- _Required work_
Would you set down the data that follows, word for word, without any pictures?

- _Data block_
____
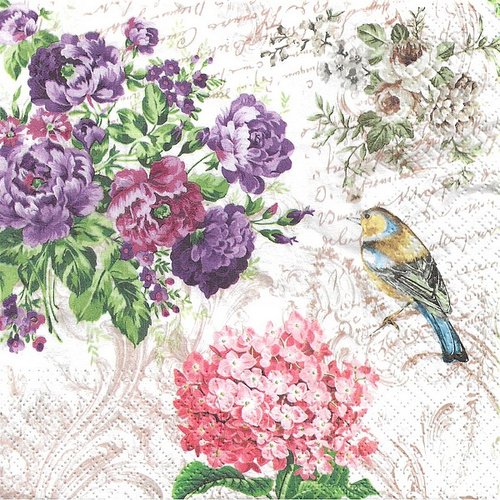 2 serviettes en papier 33 x 33 cm découpage collage oiseaux et fleurs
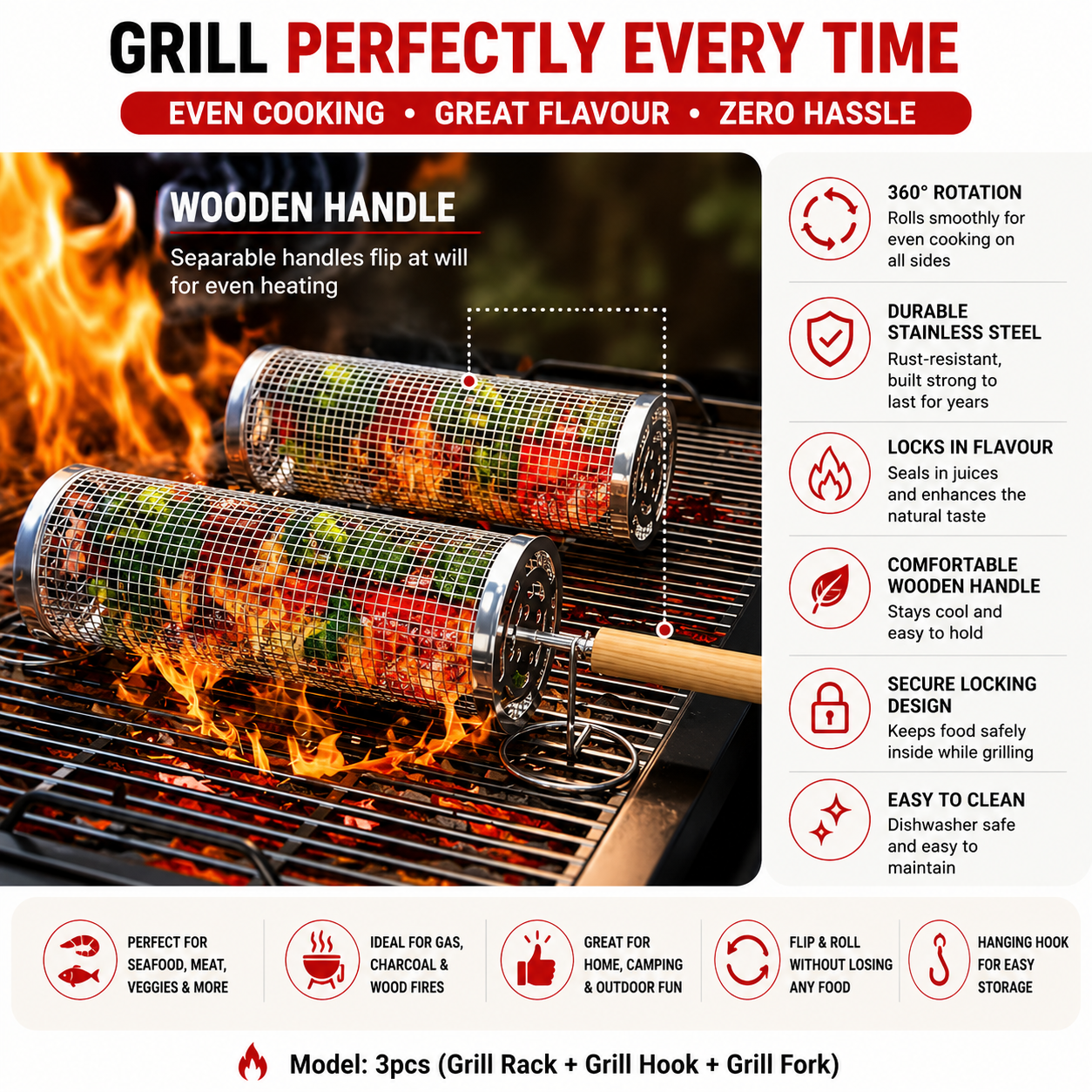 Premium Stainless Steel BBQ Grill Basket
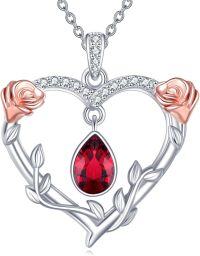 wholesale 925 Sterling Silver Gold Plated Red Crystal Teardrop Flower Pendant Necklaces for Women Gifts-Rose Heart Necklace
____
- _Problem solution_
 2 serviettes en papier 33 x 33 cm découpage collage oiseaux et fleurs
 Premium Stainless Steel BBQ Grill Basket
 wholesale 925 Sterling Silver Gold Plated Red Crystal Teardrop Flower Pendant Necklaces for Women Gifts-Rose Heart Necklace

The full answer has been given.